■ What is expected
Copy each line below as it stands, but skip any picture it contains.

■ Data shown
══════

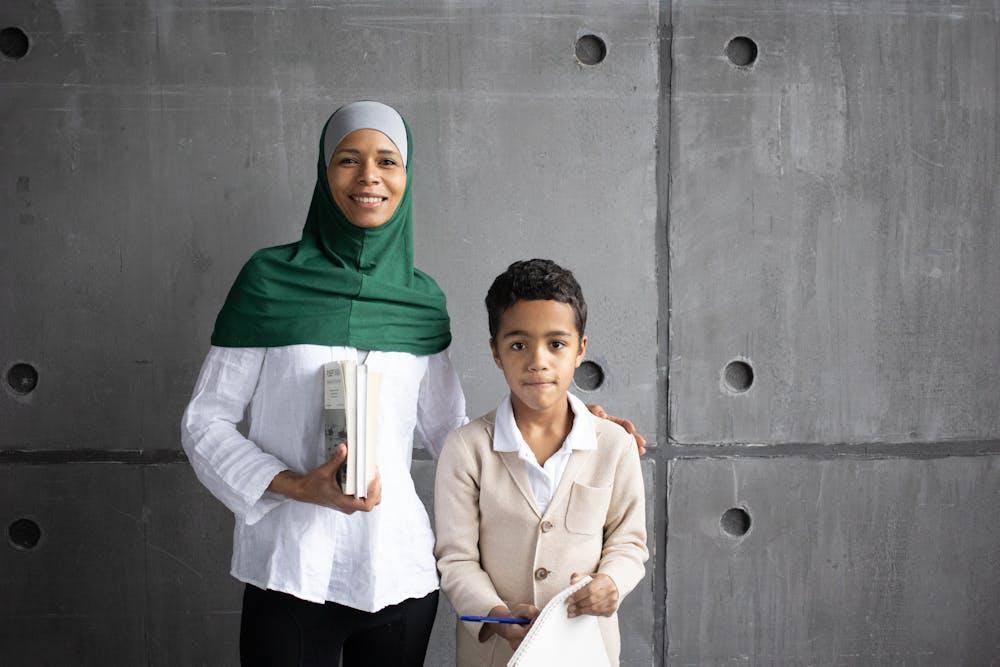 anak laki-laki dan guru berhijab
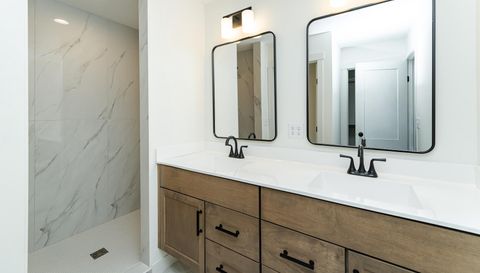 1816 Robinson Lane NE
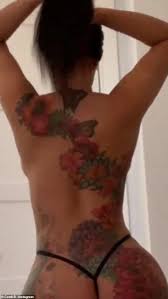 Then, only a few minutes after taking the stage, the female emcee made the news official on her instagram. Cardi B Zieht Sich Nur Bis Zu Ihrem String Aus Um Ein Massives Ruckentattoo Mit Einem Blick Auf Ihr Derriere Zu Zeigen Aktuelle Boulevard Nachrichten Und Fotogalerien Zu Stars Sternchen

══════

■ Result of this exercise
 anak laki-laki dan guru berhijab
 1816 Robinson Lane NE
 Then, only a few minutes after taking the stage, the female emcee made the news official on her instagram. Cardi B Zieht Sich Nur Bis Zu Ihrem String Aus Um Ein Massives Ruckentattoo Mit Einem Blick Auf Ihr Derriere Zu Zeigen Aktuelle Boulevard Nachrichten Und Fotogalerien Zu Stars Sternchen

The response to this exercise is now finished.